Tout comme ces internautes, Jean-Blaise Ayéméné, président du Réseau des communicateurs panafricains (REZOPANACOM) interrogé par Sputnik, s’est offusqué de cette sortie de Jean-Christophe Belliard.
"Comprenez les propos peu sages et courtois de ce diplomate. S'exprimer ainsi sur un plateau de télé, quand on est à ce niveau de responsabilité, il faut comprendre que la France a touché le fond. Avec ces insultes et cette agressivité verbale, elle essaye de cacher son échec et son humiliation, elle pleure en fait et c'est tout à l'honneur des Maliens et au-delà, des panafricanistes. Cela dit, l'ambassadeur explique au passage comment son pays, la France, a toujours procédé directement ou indirectement pour obtenir les rares mobilisations qui la soutenaient dans les pays africains. C'est un gros aveu, et nous le notons", analyse-t-il.

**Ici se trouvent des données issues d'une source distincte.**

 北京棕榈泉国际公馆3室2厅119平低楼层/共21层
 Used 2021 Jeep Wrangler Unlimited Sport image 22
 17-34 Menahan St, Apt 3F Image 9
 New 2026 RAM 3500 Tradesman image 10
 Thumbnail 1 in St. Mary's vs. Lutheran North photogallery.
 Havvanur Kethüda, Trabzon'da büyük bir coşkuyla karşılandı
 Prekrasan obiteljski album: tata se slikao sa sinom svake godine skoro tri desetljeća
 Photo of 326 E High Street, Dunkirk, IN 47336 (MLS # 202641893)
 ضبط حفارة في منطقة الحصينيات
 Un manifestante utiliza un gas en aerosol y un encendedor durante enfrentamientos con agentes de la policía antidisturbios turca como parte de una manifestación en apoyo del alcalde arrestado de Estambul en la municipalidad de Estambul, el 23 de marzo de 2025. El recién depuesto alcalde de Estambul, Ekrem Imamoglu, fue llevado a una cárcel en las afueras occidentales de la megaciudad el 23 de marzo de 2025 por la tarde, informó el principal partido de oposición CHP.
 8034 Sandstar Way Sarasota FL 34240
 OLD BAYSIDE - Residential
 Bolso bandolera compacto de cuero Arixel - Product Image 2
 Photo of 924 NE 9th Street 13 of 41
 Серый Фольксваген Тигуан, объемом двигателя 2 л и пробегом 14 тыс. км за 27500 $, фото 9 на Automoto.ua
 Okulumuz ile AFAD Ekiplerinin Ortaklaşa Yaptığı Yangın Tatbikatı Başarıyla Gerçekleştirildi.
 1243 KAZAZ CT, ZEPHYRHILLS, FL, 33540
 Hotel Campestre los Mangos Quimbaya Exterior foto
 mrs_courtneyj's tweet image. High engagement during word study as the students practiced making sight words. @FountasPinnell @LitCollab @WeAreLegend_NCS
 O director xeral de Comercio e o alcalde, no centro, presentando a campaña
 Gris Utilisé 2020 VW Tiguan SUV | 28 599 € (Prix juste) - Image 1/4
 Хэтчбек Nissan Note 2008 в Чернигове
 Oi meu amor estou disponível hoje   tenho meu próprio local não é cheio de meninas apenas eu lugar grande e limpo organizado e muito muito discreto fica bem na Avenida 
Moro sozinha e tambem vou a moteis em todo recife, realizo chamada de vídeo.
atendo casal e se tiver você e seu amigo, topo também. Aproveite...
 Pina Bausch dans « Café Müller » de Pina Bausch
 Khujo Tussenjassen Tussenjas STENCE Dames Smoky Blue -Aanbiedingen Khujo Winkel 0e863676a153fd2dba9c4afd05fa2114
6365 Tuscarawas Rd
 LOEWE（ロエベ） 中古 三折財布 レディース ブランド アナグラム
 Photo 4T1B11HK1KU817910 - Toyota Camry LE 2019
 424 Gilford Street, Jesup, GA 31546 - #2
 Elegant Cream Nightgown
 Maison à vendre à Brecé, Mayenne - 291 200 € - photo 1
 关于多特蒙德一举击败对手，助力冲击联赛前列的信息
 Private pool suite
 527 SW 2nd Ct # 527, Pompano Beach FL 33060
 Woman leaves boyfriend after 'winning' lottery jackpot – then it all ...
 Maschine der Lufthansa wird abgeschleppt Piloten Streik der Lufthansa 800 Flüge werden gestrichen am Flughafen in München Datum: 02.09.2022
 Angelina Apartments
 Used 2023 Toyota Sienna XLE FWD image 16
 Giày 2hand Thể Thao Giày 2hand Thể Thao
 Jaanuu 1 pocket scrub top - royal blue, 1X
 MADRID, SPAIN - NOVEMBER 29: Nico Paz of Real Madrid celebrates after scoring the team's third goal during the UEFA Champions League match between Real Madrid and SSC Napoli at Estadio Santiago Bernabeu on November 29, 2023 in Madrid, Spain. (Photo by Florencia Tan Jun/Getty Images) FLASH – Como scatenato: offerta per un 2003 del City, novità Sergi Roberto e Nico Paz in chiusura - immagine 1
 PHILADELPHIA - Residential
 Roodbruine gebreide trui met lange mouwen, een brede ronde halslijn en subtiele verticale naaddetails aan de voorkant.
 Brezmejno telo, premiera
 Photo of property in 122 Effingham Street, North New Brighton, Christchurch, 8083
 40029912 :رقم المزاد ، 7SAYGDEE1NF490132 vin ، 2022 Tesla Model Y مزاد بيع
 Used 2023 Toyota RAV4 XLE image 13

Ce leader d’opinion, par ailleurs secrétaire national chargé de la coordination des activités des structures spécialisées et de la mobilisation des militants au sein du Parti des peuples africains Côte d'Ivoire (PPA-CI, la formation politique créée en octobre 2021 par l’ancien Président Laurent Gbagbo) –qui n’a officiellement pas réagi aux propos du diplomate français–, estime que "la France exprime ici [par la voix de son représentant, ndlr] sa grande frustration, car c'est le crépuscule de son règne et de celui des Occidentaux sur l'Afrique et c'est tant mieux pour nos pays". "La France et les pays de l'Union européenne qu'elle a mobilisés pour envahir le Mali ont pratiquement été boutés hors de ce pays sans rien pouvoir y faire, car avec la présence militaire de la Russie, les Maliens ont préparé leur action en amont", ajoute-t-il.
"La vigilance et la mobilisation doivent être de mise du côté des Maliens, des panafricanistes, mais aussi des Russes qui, aujourd'hui, sont un soutien important et efficace dans la lutte pour la libération et la souveraineté de nos États africains en général et du Mali en particulier. Car ces impérialistes français ne s'en iront pas totalement sans rien tenter d'ignoble comme ils l'ont déjà fait dans plusieurs pays", prévient Jean-Blaise Ayéméné.
Et selon lui, la situation du Mali évoque à certains égards celle de la Côte d’Ivoire il y a quelques années.
"En dehors de la façon dont ils sont venus au pouvoir, nous saluons et soutenons la résistance des dirigeants de la transition et surtout du peuple malien. Cette situation nous rappelle un peu la résistance que nous avons menée en Côte d'Ivoire avec le Président Laurent Gbagbo de 2000 à 2011. Ce qu'ont subi les Ivoiriens pendant ces moments difficiles a enseigné les dirigeants maliens qui avancent plutôt bien actuellement, surtout que ce sont pratiquement les mêmes bourreaux avec les mêmes pratiques qu'ils ont en face. Cela ne peut que nous rendre solidaires et admiratifs du peuple malien", se réjouit le militant panafricaniste.